#### SUPPLIED RECORDS:
====

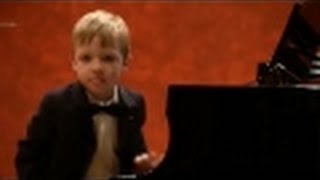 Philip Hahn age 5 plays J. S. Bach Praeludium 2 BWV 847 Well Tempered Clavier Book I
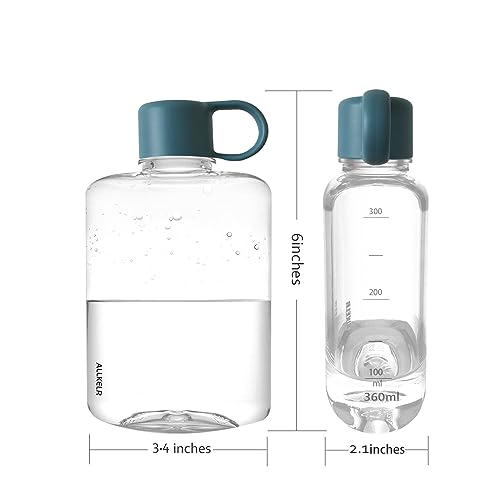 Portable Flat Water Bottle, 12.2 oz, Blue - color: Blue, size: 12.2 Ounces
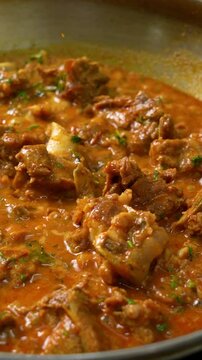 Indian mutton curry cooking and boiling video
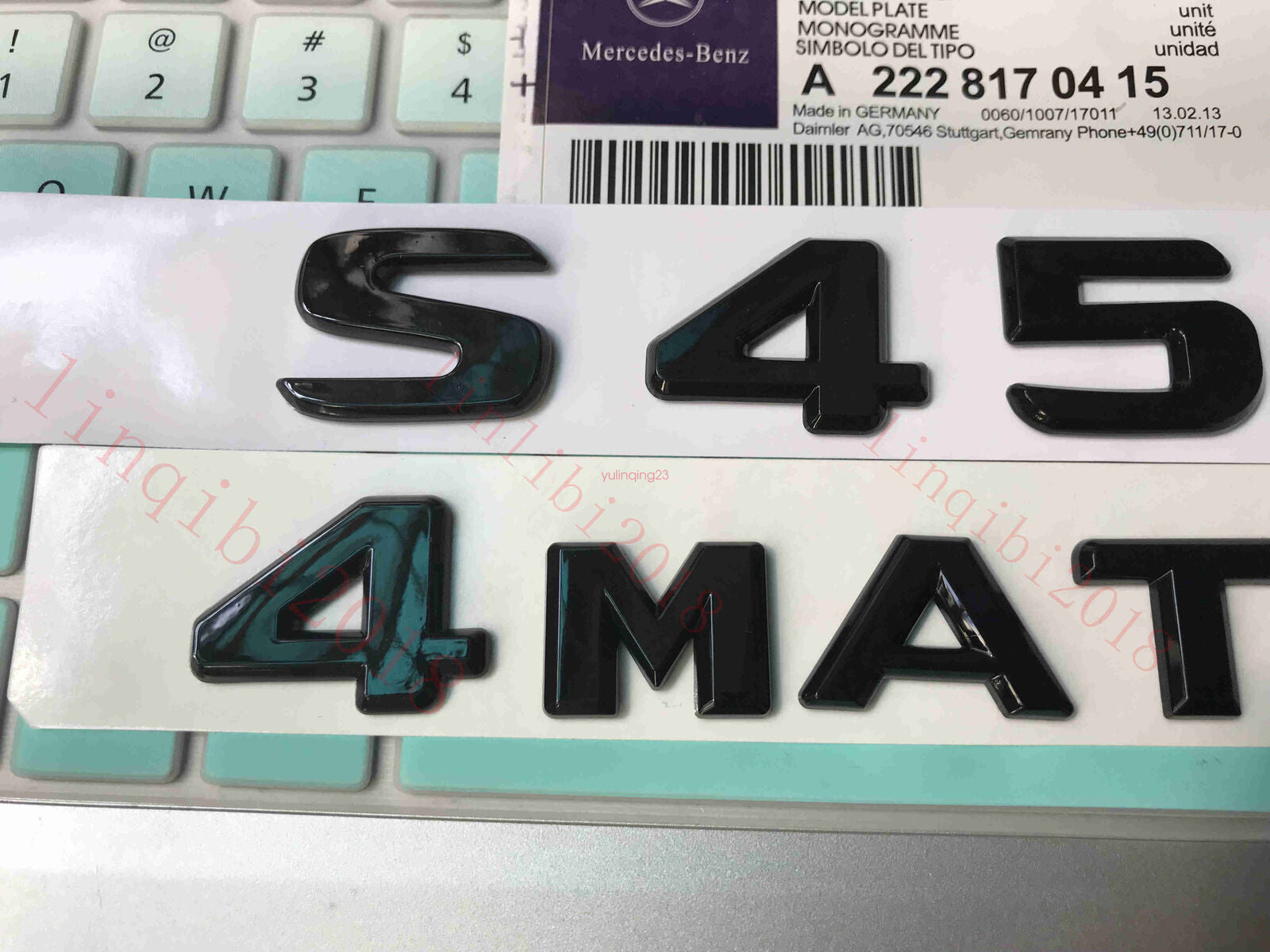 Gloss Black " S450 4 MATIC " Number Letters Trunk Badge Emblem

====

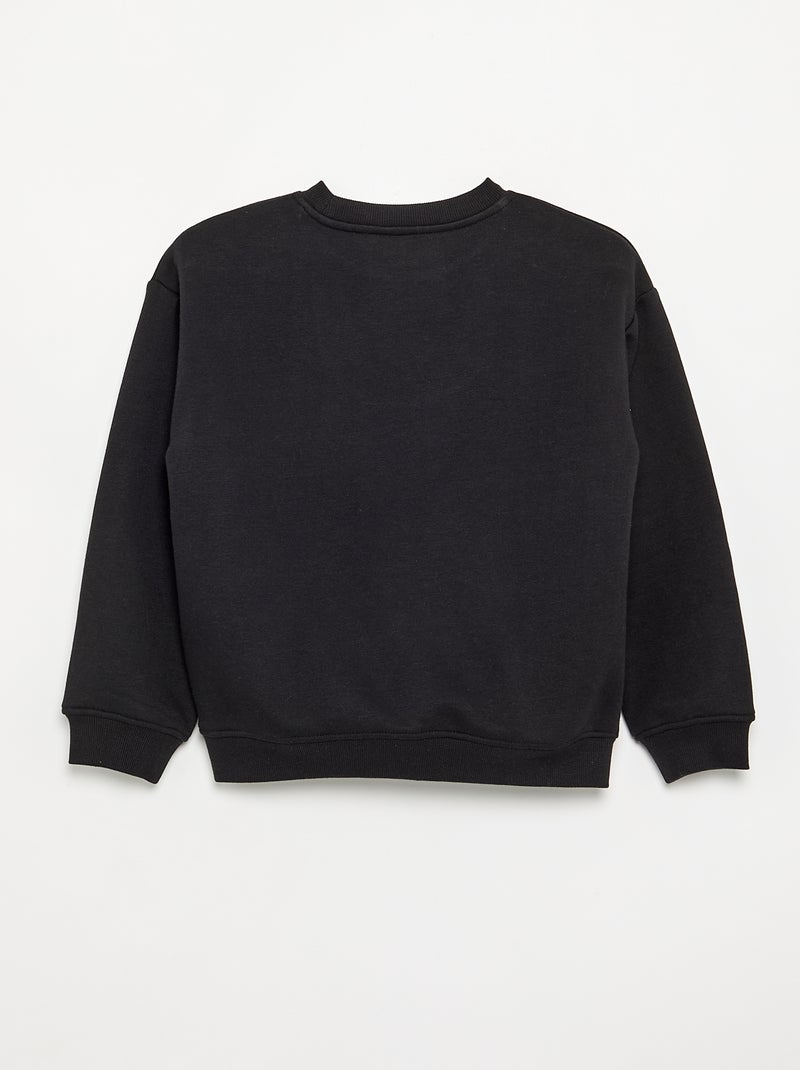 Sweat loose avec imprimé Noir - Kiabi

====

#### EXERCISE OBJECTIVE:
Write back word for word every line in the entries above from the one with "Indian mutton curry" to the one with "Trunk Badge Emblem", ends included, and none of the pictures.

#### SOLUTION FOR THIS PROBLEM:
 Indian mutton curry cooking and boiling video
 Gloss Black " S450 4 MATIC " Number Letters Trunk Badge Emblem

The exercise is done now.